The Byrd rule is a means for allowing senators “to block provisions of reconciliation bills that are ‘extraneous’ to reconciliation’s basic purpose of implementing budget changes,” as a Center on Budget and Policy Priorities summary reads. “Without such a rule, committees receiving reconciliation directives would be free to add a wide range of unrelated provisions to their legislative recommendations, including provisions that might have difficulty passing under normal procedures.” Think of the $15 minimum wage requirement that Democrats are pushing for in the relief package.

The Senate parliamentarian is the judge of a provision’s relevance, but the Senate is not properly bound by that judgment. So writes James Wallner, formerly of the Heritage Foundation: “Given this, the Presiding Officer is under no obligation to follow the procedural advice provided by the Parliamentarian in determining whether or not the budgetary impact of a particular provision in a reconciliation bill is ‘merely incidental’ to its underlying policy impact.”
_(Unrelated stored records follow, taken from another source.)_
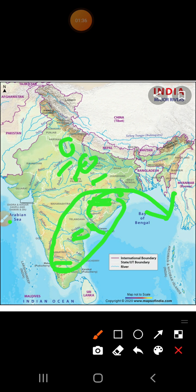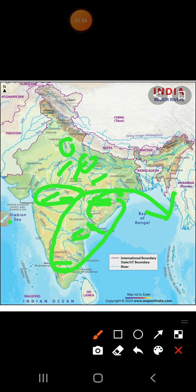Narmada and Tapi are the only rivers which flow from east to west and fall into the Arabian Sea. Narmada is here, and this second river is Tapi. These two rivers, instead of flowing into the Bay of Bengal, fall into the Arabian Sea.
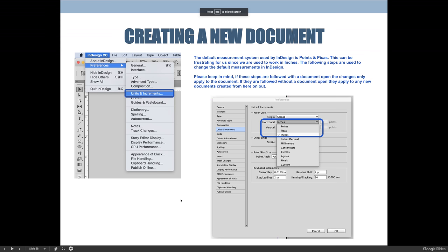When you're creating a new document, it can sometimes be frustrating that the measurements and units that default in InDesign do not match the measurements and units that you're used to. We're going to cover this a few times throughout the semester until everyone gets into the habit of adjusting the measurements for their preferences.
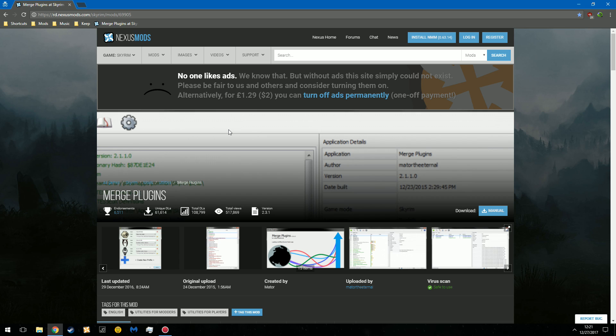Greetings, Onionman here, and as per request, I will make a tutorial on how to merge plugins for Fallout 3, Fallout New Vegas, Skyrim, and Fallout 4. This tool is compatible with all of the above.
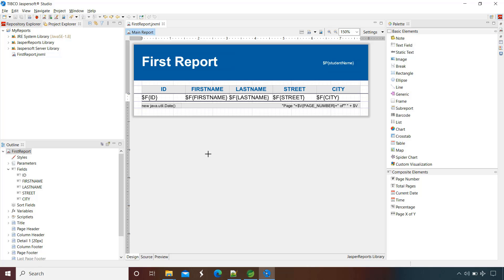In this lecture we will create the fields and assign their values from our Java application. For that we use a data source and will pass the field values as a list of beans. Say for example any POJO class. So we want to pass student details: student id, first name, last name, street, city.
That means the presiding officer, Vice President Kamala Harris or Senate Pro Tempore Patrick Leahy of Vermont in her stead, could disregard it at will, an idea for which there are vocal supporters.

“If the Senate parliamentarian does not advise them that Congress can include the minimum wage in budget reconciliation, Harris or Leahy should exercise their constitutional authority to say that it can,” Bill Dauster, who was deputy chief of staff to Reid, wrote in an op-ed.

Now, Dauster also argues that the minimum wage provision wouldn’t be extraneous, as does Sen. Bernie Sanders. “I think we can absolutely make the case to the parliamentarian that what we’re doing is consistent with the Byrd rule,” Sanders said. But if the parliamentarian doesn’t buy it, Democrats can figure out another way to get approval for the minimum wage goal, such as by fiddling with the tax code (another suggestion of Dauster’s) or, again, simply overruling the judgment rather than deferring to it, as is typical.

“I think that the key here is that we’re going to keep every tool in the toolbox available,” Democratic Rep. Pramila Jayapal said of the idea, having reportedly been “in touch with Senate colleagues about the possibility,” according to the Hill.

It’s a bad metaphor because a sledgehammer doesn’t fit in a toolbox.